Very intensive workloads, things like 4K photo editing, video editing, and software development all benefit from having multiple cores. Take for example changing the saturation of a photo. The simplest way to do this would be to go through every pixel in the photo applying the adjustment of saturation and then re-painting it to the screen. Take for example a computer with four cores, the cores can coordinate to split the photo into 4 quadrants and work on applying the filter at the same time. This would make the filter take 1/4 of the time! The actual algorithm for applying filters is much more complicated, but the performance boosts are the same when splitting across multiple cores. Unfortunately, a lot of software does not take advantage of having more than one core and there is no easy way to check.

A processor's cache is incredibly important for computers to feel fast. The cache is basically a shortcut for data. Instead of having to retrieve information from a hard drive, it can pull from the cache (if the data is in there). It takes 0.5 nanoseconds to retrieve data stored in the cache versus from a hard drive it takes 20 million nanoseconds (Fig 3).

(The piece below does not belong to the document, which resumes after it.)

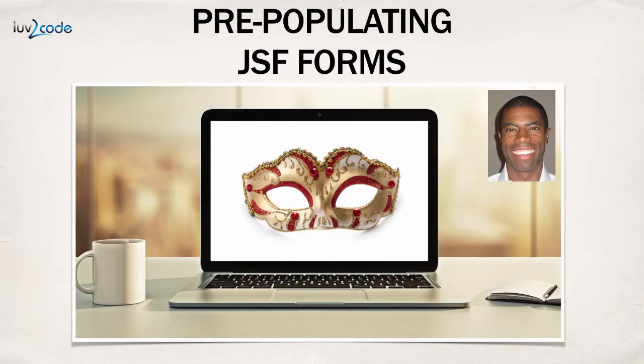Hey, welcome back. In this video, I'm going to show you how to pre-populate JSF forms.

Fig 3: Latencies of various computer systems: source

That's 10 million times faster! This is roughly the difference in time between a single heartbeat and the time it takes for a baby to come to term. Clearly more cache is better, but caches are very expensive to produce. This is why they're usually smaller than even a single Word document. Unless you're doing incredibly intense processing you can ignore the differences between cache sizes across processors.


TurboBoost is a feature specific to Intel processors which will increase the clock speed of a processor by 1.5x-2x for a very short amount of time. This is helpful in cases where a website or app may be very resource intensive to load, but once loaded requires less power. Often browsers themselves act in this manner. As helpful as TurboBoosting is, it should not factor into purchasing decisions.

Choosing the CPU right for your use case can seem daunting at first. Once you break down the descriptions into the generations, series, GHz speeds, caches, and turbo boosting capabilities it becomes much easier to see the key aspects to focus on. When in doubt, just focus on the clock speed (in GHz) and the number of cores.